This invention relates to a method and apparatus for preparing relief printing plates using photocurable materials. More particularly, this invention relates to a method and apparatus for improving the image fidelity and character geometry of the relief image formed on such plates.
At one point in time relief printing plates were manufactured of metal, for example zinc or magnesium, by photoengraving techniques requiring relatively long etching periods for formation of the relief pattern. More recently, photocurable materials have been substituted for metals in the formulation of printing plates. In the manufacture of relief printing plates from photocurable materials, a layer of a liquid or solid material is used which undergoes Polymerization, cross-linking, or other curing reaction in response to irradiation by actinic light, usually ultraviolet light. The actinic light is passed first through a negative and then through the photocurable material to selectively cure or harden the material in a pattern corresponding to the image borne by the negative. The negative is an image bearing transparency consisting of substantially opaque and substantially transparent areas. Photocuring takes place in the exposed areas, i.e., those areas of the photocurable layer corresponding positionally to the substantially transparent areas of the negative, and no photocuring takes place in the nonexposed areas. The photocurable layer may also be exposed from the side opposite the negative. Generally, this "back exposure" is non-imagewise and used to form a hardened base for the raised printing indicia formed by the front exposure. Back exposure is typically used where the photocurable material is a liquid. The exposed layer is then developed by removal of the unexposed, unhardened portions with an air knife, developer solvent, or other means to form a relief image.

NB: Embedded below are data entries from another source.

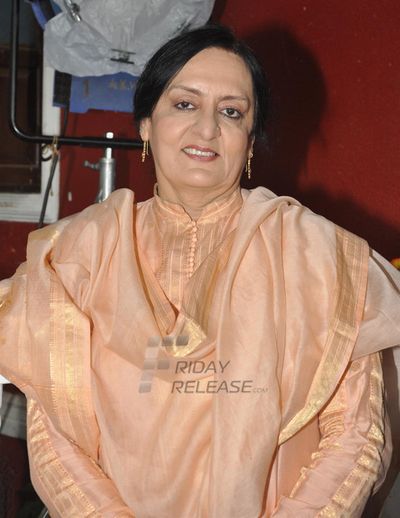 Dolly Ahluwalia Photo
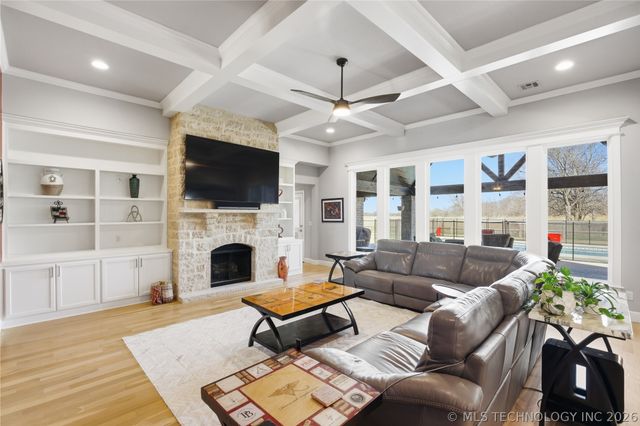 6907 E 91st Street North N, Owasso, OK 74055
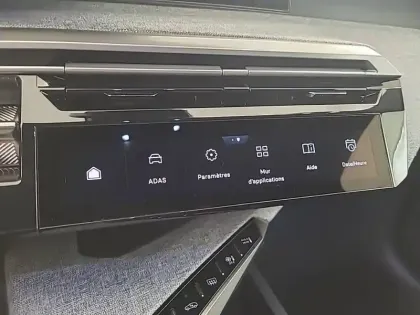Photo 79 Peugeot 3008  Hybrid 145 e-DCS6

In producing relief images from half-tone negatives, it is required to produce in the relief relatively small diameter raised printing indicia in what are otherwise recessed areas of the relief. These areas print the lighter or "highlight" areas of the image and the raised indicia in these areas and are accordingly referred to as "highlight dots". The size and density of highlight dots control shading or tone in the light image areas. The half-tone relief image also generally contains relatively shallow, small diameter depressions in what are otherwise overall raised areas of the relief. These areas print the darker or "shadow" areas of the image and the depressions are generally referred to as "shadow reverses". As with the highlight dots, the size and density of shadow reverses control the tone in the darker image areas.
The production of satisfactory highlight dots and shadow reverses in relief images by photoexposure techniques presents unique problems. Due to the small size of the transparent dots in the half-tone negative used to produce highlight dots, it is generally desired to provide a high image exposure dose in order to assure formation of the dots and adequate depthwise curing. Such curing is needed to anchor the dot to the image base. However, a high radiation dose has an adverse effect on the formation of shadow reverses. Shadow reverses are formed beneath relatively small opaque areas of the negative in an otherwise predominantly transparent area. A high exposure dose can result in overexposure of these areas, i.e., beneath the opaque areas, thus resulting in unwanted curing of the photocurable material and filling in of the shadow reverses.

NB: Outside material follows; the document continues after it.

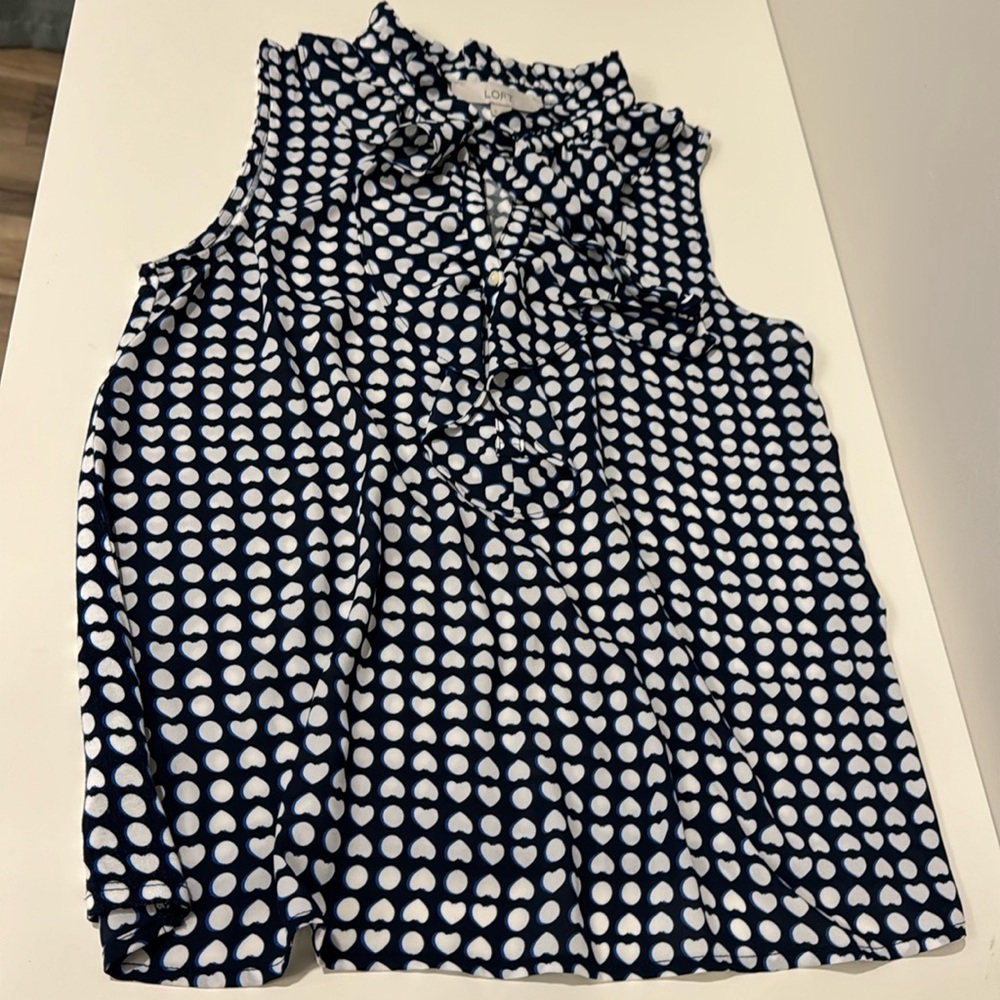 Sleeveless top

The high image exposure dose also results in overexposure in the peripheral areas outside of the transparent dot areas of the half-tone negative. This results in increased dot image area, i.e., the relief dot is larger than the corresponding transparent areas of the negative. In addition, the overexposure results in a higher, broader shoulder profile on the dot. This leads to the printing of smudges and larger than intended dots, particularly where there is any overimpression during printing.
Although a lower radiation dose can be used to lessen the filling in of shadow reverses and improve dot shoulder geometry, the lower dose often results in unsatisfactory formation and anchoring of the highlight dots. In addition, it has been observed that the highlight dots have a substantially greater tendency to move or otherwise deform during the photoexposure step when lower intensity radiation is used. Such dot movement or deformation is not fully understood but is believed to be due, at least in part, to shrinkage of the photocurable material as curing occurs. Dot movement is highly undesirable, resulting not only in positional displacement of the dot but also the formation of a streak or tail behind the dot, and in the direction of movement, which becomes part of the relief image and adversely affects the quality of images printed with the plate.
For many photocurable systems, there is no exposure dose which satisfactorily provides both highlight dots and shadow reverses, and the operator is thus forced to make undesired compromises in exposure dose and image quality. For other systems, there may be an exposure dose which provides generally acceptable highlight dots and shadow reverses, but this almost always occurs in a very narrow "window" of doses, thus attaching a very high degree of criticality to the exposure. The narrow window also means a high risk of error in the exposure step, particularly where there is variability in the intensity of the actinic radiation or in the photoresponse of the photocurable material from one lot to another.
Although the foregoing focuses on the problems with image fidelity and resolution encountered in preparing half-tone relief images, it will be appreciated that similar problems can occur in the formation of other types of high resolution relief images, such as line images. It should also be appreciated that these problems are unique to the formation of relief images by photoexposure, deriving from the fact that the photoexposure must provide an image having not only length and breadth dimensions, but also a substantial and significant depth dimension. The necessity of forming this third image dimension places unique demands on the photosensitive system and the photoexposure method which are not encountered in those processes and systems used to form only two dimensional images, such as in conventional photographic or photocopying systems.